↓↓↓
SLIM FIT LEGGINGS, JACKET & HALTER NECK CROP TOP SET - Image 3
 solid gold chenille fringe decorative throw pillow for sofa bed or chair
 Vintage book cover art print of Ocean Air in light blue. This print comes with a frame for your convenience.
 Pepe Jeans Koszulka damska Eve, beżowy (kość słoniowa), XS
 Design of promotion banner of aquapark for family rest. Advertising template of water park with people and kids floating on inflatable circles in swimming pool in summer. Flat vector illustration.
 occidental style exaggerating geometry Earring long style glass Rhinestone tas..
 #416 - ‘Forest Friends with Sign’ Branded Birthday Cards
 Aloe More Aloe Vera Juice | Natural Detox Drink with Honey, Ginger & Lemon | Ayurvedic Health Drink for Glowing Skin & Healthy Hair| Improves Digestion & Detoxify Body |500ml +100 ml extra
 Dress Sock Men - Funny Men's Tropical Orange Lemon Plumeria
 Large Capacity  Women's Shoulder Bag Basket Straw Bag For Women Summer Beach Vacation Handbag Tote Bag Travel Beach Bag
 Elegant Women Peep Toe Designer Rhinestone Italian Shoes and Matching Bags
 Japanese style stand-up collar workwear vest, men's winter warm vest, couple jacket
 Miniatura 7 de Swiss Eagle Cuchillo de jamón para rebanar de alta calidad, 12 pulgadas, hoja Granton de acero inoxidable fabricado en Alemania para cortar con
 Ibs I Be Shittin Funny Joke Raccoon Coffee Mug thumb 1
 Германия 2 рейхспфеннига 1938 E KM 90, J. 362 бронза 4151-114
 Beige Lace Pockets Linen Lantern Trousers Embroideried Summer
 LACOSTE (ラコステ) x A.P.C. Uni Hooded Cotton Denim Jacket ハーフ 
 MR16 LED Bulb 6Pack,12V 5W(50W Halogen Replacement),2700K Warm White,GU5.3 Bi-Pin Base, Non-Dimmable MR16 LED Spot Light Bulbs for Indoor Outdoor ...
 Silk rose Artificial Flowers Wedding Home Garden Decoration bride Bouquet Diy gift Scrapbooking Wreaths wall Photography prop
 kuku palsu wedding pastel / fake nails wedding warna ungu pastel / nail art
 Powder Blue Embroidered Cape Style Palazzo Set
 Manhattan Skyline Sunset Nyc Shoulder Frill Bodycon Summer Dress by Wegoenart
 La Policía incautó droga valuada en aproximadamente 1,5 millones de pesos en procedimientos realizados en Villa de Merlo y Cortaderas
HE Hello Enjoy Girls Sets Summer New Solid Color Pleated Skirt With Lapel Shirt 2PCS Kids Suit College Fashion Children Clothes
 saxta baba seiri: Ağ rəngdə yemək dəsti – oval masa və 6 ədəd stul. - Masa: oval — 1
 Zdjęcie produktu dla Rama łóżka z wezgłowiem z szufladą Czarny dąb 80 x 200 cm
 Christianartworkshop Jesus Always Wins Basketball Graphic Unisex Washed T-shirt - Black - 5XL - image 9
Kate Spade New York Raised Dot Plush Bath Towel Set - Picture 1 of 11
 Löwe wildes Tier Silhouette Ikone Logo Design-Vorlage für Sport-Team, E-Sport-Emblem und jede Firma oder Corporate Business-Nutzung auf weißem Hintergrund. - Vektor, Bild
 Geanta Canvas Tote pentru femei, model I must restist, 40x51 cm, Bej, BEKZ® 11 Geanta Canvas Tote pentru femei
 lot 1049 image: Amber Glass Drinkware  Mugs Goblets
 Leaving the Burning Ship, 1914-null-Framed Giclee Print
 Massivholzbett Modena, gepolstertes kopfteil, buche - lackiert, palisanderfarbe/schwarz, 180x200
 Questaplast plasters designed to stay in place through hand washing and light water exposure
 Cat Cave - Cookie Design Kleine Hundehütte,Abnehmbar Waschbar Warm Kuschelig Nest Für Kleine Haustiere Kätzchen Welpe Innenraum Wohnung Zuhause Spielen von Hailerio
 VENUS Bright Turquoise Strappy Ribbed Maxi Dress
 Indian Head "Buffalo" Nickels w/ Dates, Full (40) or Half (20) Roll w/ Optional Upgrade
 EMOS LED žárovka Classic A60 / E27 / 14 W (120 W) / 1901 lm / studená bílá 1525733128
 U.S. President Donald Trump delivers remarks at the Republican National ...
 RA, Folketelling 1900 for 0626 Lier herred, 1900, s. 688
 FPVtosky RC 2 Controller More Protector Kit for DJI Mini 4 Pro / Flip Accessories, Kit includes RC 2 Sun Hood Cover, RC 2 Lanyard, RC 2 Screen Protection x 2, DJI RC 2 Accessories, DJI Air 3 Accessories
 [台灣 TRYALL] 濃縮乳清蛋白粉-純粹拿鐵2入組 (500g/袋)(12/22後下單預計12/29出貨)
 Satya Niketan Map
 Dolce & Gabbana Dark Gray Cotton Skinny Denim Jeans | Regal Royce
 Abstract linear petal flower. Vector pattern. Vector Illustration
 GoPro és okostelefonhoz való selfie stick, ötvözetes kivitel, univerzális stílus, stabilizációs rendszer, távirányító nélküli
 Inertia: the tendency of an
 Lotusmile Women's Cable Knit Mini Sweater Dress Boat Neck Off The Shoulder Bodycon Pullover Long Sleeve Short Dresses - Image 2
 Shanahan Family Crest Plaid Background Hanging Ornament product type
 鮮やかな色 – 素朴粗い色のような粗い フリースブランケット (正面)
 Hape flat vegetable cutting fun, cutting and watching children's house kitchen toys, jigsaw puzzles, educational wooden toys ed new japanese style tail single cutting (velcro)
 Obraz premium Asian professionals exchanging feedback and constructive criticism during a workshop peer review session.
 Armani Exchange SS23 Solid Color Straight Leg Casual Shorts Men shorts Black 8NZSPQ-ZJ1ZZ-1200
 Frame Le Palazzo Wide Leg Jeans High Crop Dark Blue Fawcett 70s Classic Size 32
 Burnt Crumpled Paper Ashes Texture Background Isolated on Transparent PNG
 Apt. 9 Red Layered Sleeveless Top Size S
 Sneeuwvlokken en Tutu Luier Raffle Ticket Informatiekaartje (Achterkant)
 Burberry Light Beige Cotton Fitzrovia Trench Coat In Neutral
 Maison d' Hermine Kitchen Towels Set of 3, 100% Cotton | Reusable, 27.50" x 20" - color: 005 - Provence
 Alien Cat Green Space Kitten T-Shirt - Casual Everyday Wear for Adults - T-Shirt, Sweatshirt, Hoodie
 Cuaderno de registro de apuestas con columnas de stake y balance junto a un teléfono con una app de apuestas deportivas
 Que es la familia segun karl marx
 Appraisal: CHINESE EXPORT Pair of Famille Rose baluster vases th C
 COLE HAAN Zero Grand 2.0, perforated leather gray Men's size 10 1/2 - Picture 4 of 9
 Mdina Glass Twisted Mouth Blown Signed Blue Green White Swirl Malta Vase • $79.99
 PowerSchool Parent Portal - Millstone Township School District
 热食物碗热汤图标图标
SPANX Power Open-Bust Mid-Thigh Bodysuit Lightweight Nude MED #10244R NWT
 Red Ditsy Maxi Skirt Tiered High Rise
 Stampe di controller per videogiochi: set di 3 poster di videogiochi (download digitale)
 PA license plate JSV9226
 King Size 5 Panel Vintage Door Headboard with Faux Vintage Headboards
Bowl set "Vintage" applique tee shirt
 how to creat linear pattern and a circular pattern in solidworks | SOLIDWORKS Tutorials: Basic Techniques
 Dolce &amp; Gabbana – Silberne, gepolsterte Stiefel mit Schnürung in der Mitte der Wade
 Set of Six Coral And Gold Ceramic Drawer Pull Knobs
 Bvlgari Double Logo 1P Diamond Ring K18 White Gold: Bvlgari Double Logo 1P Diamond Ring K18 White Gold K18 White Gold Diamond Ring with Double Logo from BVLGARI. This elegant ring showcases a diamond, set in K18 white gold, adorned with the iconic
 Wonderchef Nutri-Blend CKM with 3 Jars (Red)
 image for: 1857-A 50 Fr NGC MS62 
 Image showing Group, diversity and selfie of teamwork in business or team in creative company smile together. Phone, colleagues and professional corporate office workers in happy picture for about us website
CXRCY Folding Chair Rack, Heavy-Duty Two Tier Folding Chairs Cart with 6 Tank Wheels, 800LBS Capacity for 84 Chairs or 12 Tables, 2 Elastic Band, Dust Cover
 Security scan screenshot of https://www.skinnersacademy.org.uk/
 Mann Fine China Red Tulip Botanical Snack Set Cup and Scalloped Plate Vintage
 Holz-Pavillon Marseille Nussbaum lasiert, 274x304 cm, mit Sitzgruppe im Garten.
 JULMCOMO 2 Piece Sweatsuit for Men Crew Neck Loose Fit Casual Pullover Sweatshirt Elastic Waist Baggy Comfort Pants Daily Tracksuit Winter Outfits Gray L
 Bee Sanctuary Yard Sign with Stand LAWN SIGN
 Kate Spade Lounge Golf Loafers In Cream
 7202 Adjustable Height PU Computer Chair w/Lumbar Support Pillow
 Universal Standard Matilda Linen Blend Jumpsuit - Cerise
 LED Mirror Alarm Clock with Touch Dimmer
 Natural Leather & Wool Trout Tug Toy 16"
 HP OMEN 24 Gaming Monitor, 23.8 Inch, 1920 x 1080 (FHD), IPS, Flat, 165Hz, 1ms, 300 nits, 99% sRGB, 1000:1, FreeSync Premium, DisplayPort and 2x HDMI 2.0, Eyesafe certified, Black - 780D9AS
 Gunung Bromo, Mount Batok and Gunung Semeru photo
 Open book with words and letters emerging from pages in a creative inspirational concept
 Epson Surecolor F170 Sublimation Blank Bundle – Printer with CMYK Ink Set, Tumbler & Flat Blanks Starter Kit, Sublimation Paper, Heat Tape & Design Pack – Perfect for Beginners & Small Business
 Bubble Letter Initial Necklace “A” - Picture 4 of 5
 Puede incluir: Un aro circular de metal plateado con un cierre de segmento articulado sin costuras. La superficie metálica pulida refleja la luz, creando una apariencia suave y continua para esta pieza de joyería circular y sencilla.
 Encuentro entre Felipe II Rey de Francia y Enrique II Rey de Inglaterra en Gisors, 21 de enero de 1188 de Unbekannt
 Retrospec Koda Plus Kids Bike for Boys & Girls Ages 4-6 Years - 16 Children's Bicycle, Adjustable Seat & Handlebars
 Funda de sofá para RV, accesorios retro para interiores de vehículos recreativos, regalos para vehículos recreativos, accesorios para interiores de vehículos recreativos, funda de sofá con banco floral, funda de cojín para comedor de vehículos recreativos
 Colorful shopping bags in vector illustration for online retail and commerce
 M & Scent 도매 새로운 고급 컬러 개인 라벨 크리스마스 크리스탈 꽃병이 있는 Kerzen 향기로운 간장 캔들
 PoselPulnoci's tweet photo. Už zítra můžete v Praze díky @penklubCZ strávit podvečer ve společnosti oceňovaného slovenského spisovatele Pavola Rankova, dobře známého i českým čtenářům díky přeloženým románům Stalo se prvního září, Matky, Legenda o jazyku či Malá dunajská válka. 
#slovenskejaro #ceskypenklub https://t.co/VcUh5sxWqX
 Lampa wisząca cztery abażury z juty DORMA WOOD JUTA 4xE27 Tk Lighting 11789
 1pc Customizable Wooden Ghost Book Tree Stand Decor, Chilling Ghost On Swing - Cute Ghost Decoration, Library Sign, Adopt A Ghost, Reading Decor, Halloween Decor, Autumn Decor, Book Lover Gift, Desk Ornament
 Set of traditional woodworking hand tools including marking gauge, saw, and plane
↑↑↑
In the listing above, find the line with "Elegant Women Peep" and the line with "Kate Spade New"; output exactly those lines and all lines between them.

COMPLETED EXERCISE:
 Elegant Women Peep Toe Designer Rhinestone Italian Shoes and Matching Bags
 Japanese style stand-up collar workwear vest, men's winter warm vest, couple jacket
 Miniatura 7 de Swiss Eagle Cuchillo de jamón para rebanar de alta calidad, 12 pulgadas, hoja Granton de acero inoxidable fabricado en Alemania para cortar con
 Ibs I Be Shittin Funny Joke Raccoon Coffee Mug thumb 1
 Германия 2 рейхспфеннига 1938 E KM 90, J. 362 бронза 4151-114
 Beige Lace Pockets Linen Lantern Trousers Embroideried Summer
 LACOSTE (ラコステ) x A.P.C. Uni Hooded Cotton Denim Jacket ハーフ 
 MR16 LED Bulb 6Pack,12V 5W(50W Halogen Replacement),2700K Warm White,GU5.3 Bi-Pin Base, Non-Dimmable MR16 LED Spot Light Bulbs for Indoor Outdoor ...
 Silk rose Artificial Flowers Wedding Home Garden Decoration bride Bouquet Diy gift Scrapbooking Wreaths wall Photography prop
 kuku palsu wedding pastel / fake nails wedding warna ungu pastel / nail art
 Powder Blue Embroidered Cape Style Palazzo Set
 Manhattan Skyline Sunset Nyc Shoulder Frill Bodycon Summer Dress by Wegoenart
 La Policía incautó droga valuada en aproximadamente 1,5 millones de pesos en procedimientos realizados en Villa de Merlo y Cortaderas
HE Hello Enjoy Girls Sets Summer New Solid Color Pleated Skirt With Lapel Shirt 2PCS Kids Suit College Fashion Children Clothes
 saxta baba seiri: Ağ rəngdə yemək dəsti – oval masa və 6 ədəd stul. - Masa: oval — 1
 Zdjęcie produktu dla Rama łóżka z wezgłowiem z szufladą Czarny dąb 80 x 200 cm
 Christianartworkshop Jesus Always Wins Basketball Graphic Unisex Washed T-shirt - Black - 5XL - image 9
Kate Spade New York Raised Dot Plush Bath Towel Set - Picture 1 of 11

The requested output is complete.